In deep learning models we could call this a skip connection or branched redundancy. Information here has more than one point of failure and so is more robust to being lost. As the signal is repeated and refreshed, it is able to travel a much farther distance in time without being lost. You can see this a little in research. One of the core parts of papers is a compressed summary of the field as it has come before. This "repeater" action allows the ideas to be refreshed and transferred to the "frontier" of the current state of the field.
This does not mean that information is not lost through repetition, branching or transmission - much useful and relevant information is dropped by copying or compression, both through the interpretation of the reader and the necessities of time, space, and contemporary lens.
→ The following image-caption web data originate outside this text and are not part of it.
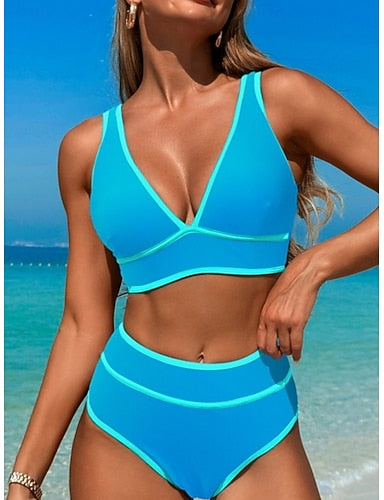 Bikini 2 Piece Swimsuit Colorblock Cheeky Tummy Control High Waist Slim Backless Vacation Beach Wear Stripe V Neck Sleeveless Bathing Suits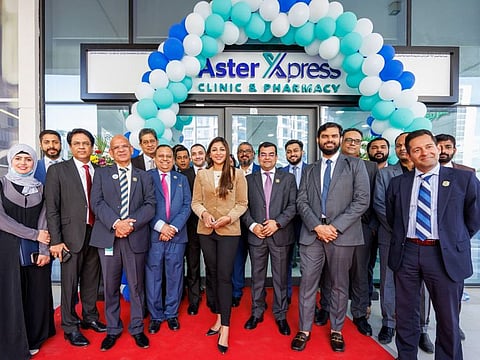 (L to R) N S Balasubramanian, CEO, Aster Pharmacy; Alisha Moopen, Deputy Managing Director of Aster DM Healthcare; and Sherbaz Bichu, CEO, Aster Hospitals and Clinics, along with Aster senior management and employees at the launch of Aster Xpress at The Expo 2020 Village in Dubai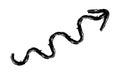 Hand drawn crayon chalk charcoal line arrow. textured arrow isolated on white. squiggle and scribble stroke. Element for Royalty Free Stock Photo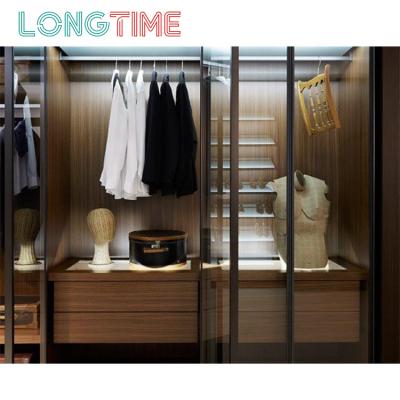 China Manufacturers Direct Modern Design (Other) Clear Glass Wardrobe Adjustable With Sliding Door for sale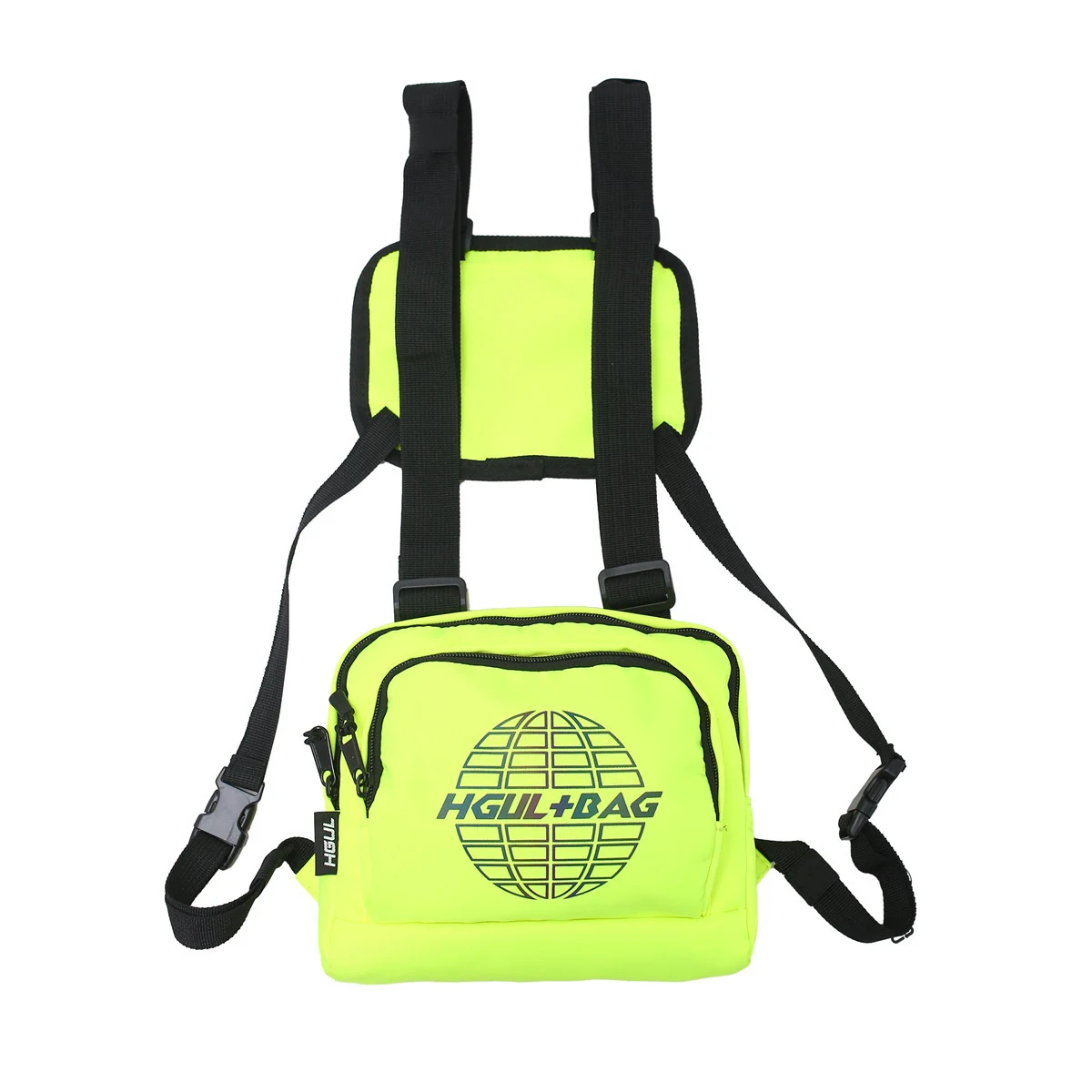 Lightweight Color-block Chest Pouch with Adjustable Harness Lime color SKU reference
"They say you die twice. Once when you stop breathing and the second, a bit later on, when somebody mentions your name for the last time." Ideas will die eventually too - when they are no longer transmitted, refreshed, or are unable to be carried on to the future. An idea spreads, and grows, and eventually dies by the same dynamic as an epidemiological outbreak propagating through a population. An R naught for information.
It is a cliche that there is nothing new under the sun. If you read a top paper published in the 1950's you will likely find a result that would not look out of place in a leading journal today. So many things fall by the way as time moves on - common objects and knowledge collect below the surface like artefacts hidden from the light of day by an accumulated dust of centuries. Excavating the foundation is often as important as building the new structure above. There are many gems, bones, treasures, and trash hidden below the surface.
* There have been recent attempts to use machine learning approach for restoring extinct languages http://people.csail.mit.edu/j_luo/assets/publications/DecipherUnsegmented.pdf
** Lewis Carroll covers the same idea, wittily remarking that the map has never been rolled out as the farmers complained it would shut out the sunlight.